Why don't you ask the White Sox and the Red Sox whether or not the Rays beat you with the long ball? Of course, just looking at those 11 playoff games in which the Rays hit 22 home runs (2 HR/g) gives us a ridiculously small sample size. Sure, the Rays 180 team homers isn't quite as great as the 235 put up by the White Sox or even the 214 put up by World Series opponent Phillies,
but it still amounts to 1.125 HR/g and came in 4th in the American League.

No team in major league baseball can sustain winning ways without consistent power production. It simply can't happen. The Angels found that out in a bad way when their ridiculous, unsustainable clutch hitting over the regular season fizzled against the Red Sox. The Rays will not win this series if their bats don't show up and show up soon, because against a team with as much power hitting as the Phillies, they will need to be able to score runs in bunches. If Joe Maddon decides to play "small ball" as sportscasters such as Jim Rome seem to suggest, they will be running themselves into the ground by not giving their power hitters the chances that they need.

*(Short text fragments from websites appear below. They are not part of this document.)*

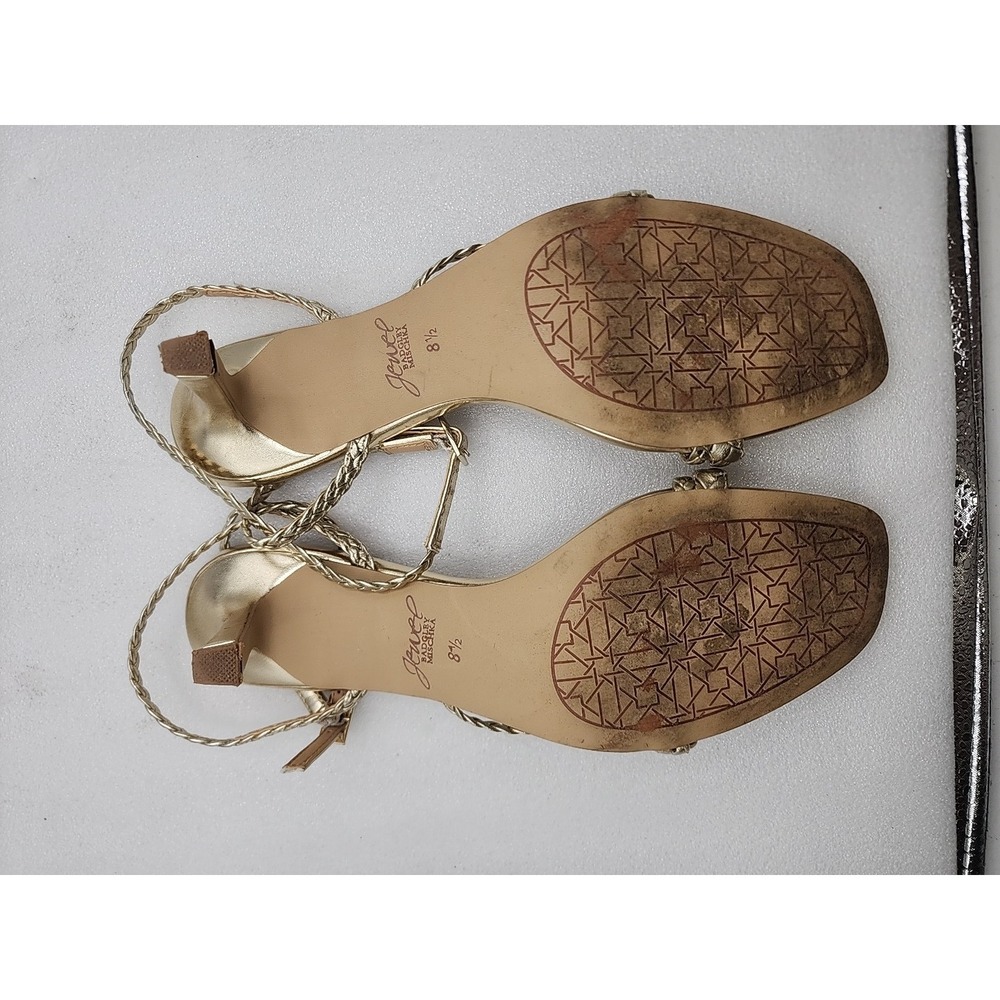 Jewel BADGLEY MISCHKA Ankle Wrap Strap Light Gold Low Heels Size 8.5 - Picture 7 of 8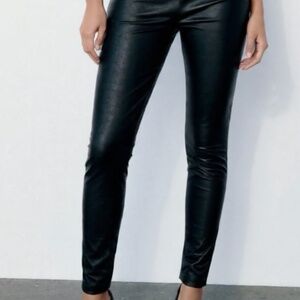 Bluenotes Leggings Womens Size XL Black Faux Leather Goth Bikercore Classic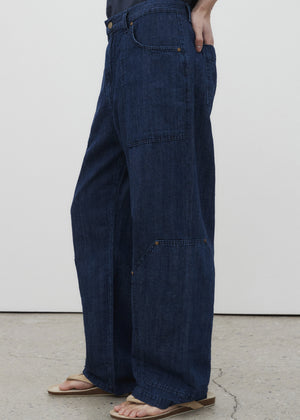 RIVET POINTED LINEN DENIM PANTS_INDIGO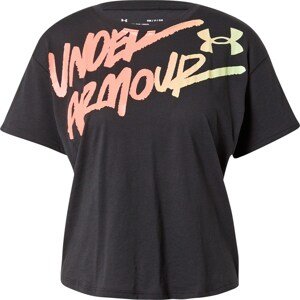 UNDER ARMOUR Funkční tričko zelená / oranžová / černá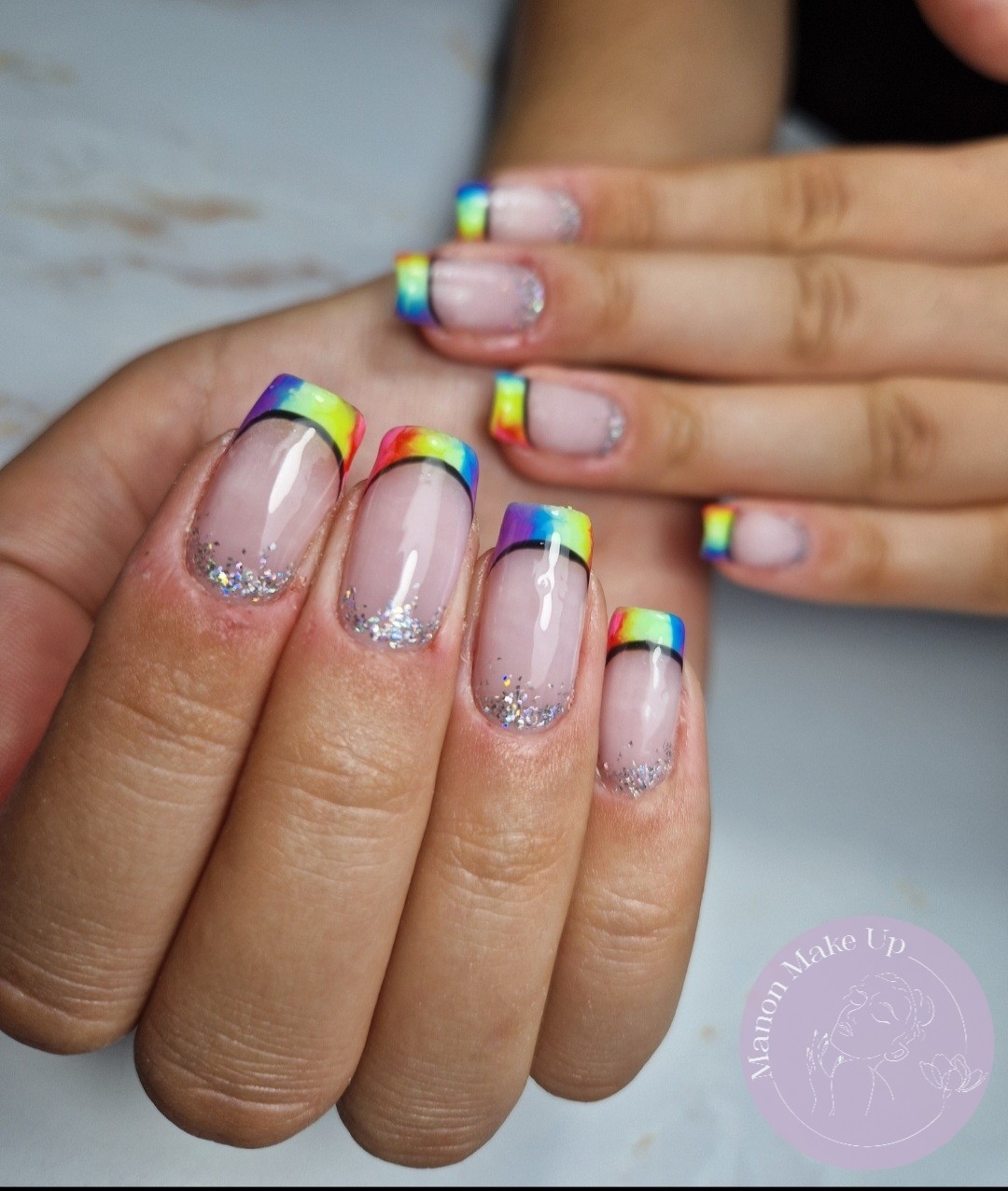 gainage semi + french + dégradé paillettes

Wednesday, October 15, 2008

Inside the mind of a statistically-inclined baseball aficionado.

I love baseball. I'm never happier than when I'm around a baseball field. I've played organized baseball since I was 5 and probably was introduced to the game much earlier than that. I've never been the most talented player on any team I've played on, but I've never let that deter my interest for the game. I currently play for the University of Wisconsin Club Baseball B team, and I play first base and right field.

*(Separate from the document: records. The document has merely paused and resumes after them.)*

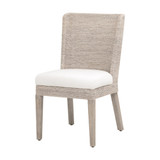 Essentials For Living Isle Dining Chair in White Wash Abaca Rope, LiveSmart Peyton Pearl, Natural Gray Mahogany (Set of 2)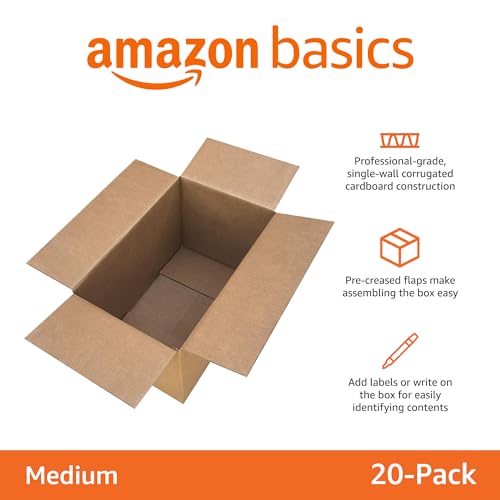Image of Amazon Basics Cardboard Moving Boxes, Medium 18 inch x 14 inch x 12 inch, Brown, 20-Pack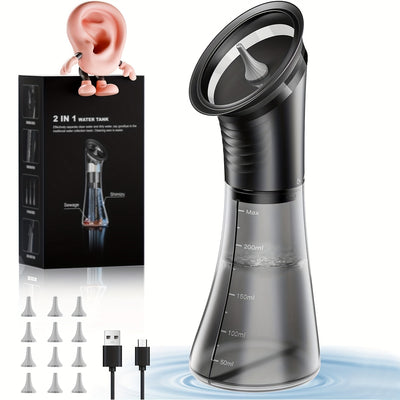 Electric Ear Wax Removal System Pro - -Grade Hydraulic Ear Cleaner Kit with 3-Speed Settings, USB- (Rechargeable), Water Temp Sensor & Visual Waste Tank | for home Ear Hygiene Care, Dry/Dirty Storage System
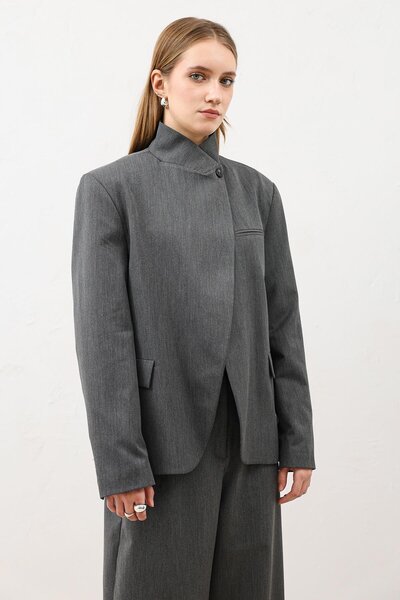 Antioch Gri Dik Yaka Kadın Blazer Ceket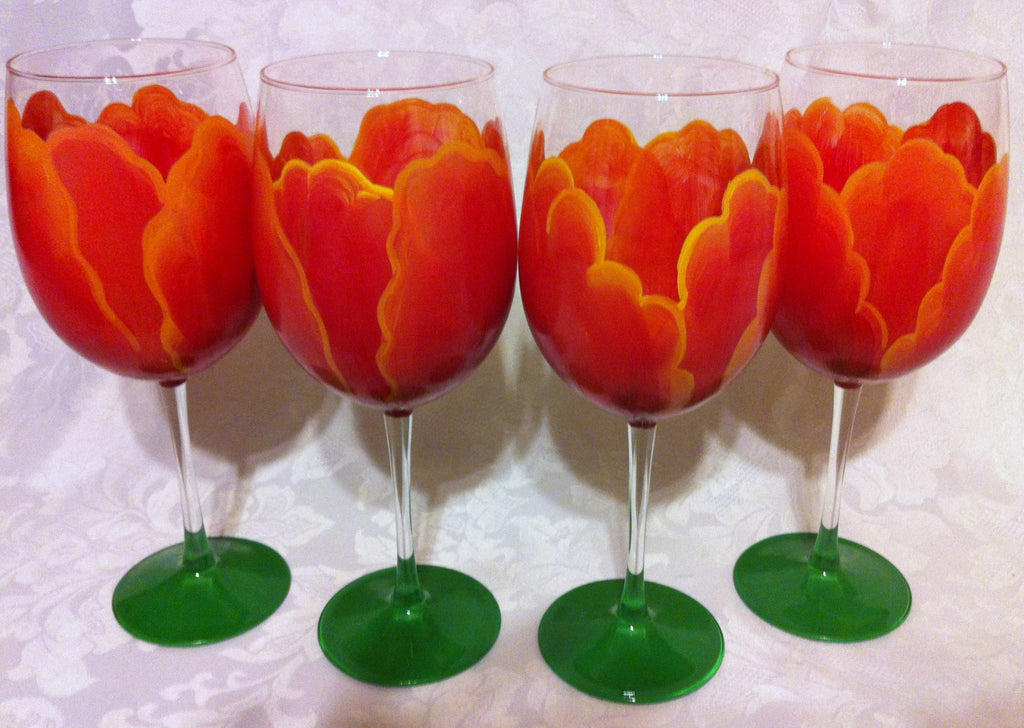 SUNSET TULIP WINE GLASS Set of 4 glasses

I follow Major League Baseball intensely, and I am a big fan of the Milwaukee Brewers, but even when they're not playing, I always find something in the game to hold my interest. I now enjoy playing Fantasy Baseball, as well as watching any MLB game that happens to be on the TV. When I first got into Fantasy Baseball, 5 years ago, I was introduced to such crazy stats as "OPS" and "WHIP." At first, I was skeptical. I first thought that these stats were de-humanizing the game and that the game was random enough and based enough on things like "heart" that those stats couldn't possibly mean any more than your typical stats like batting average, and that the most valuable player was simply the one who hit the most home runs or had the highest batting average.

However, after aging a bit and learning much much more about statistics and mathematics, I've come to understand and love these statistics. If you're a skeptic like I used to be, I have two publications that I heartily recommend. First, check out the following website: www.fangraphs.com - this website has projections for every player and also a very cool scoreboard feature which shows the win probability of each team based on run expectancies and other crazy things. To learn more about that, check out my second suggested reading: The Book. To get a sneak peek before you invest, check out www.insidethebook.com - this book uses intense mathematical and statistical analysis to show what strategies and outcomes are better and simply shows the best way for a GM or manager to optimize his team.

Expect a lot of posts here talking about either my own personal baseball experiences, both as a coach and a player, as well as about the MLB and the MLB media. I can't wait to tear the people offering the MVP award to Ryan Howard a new one.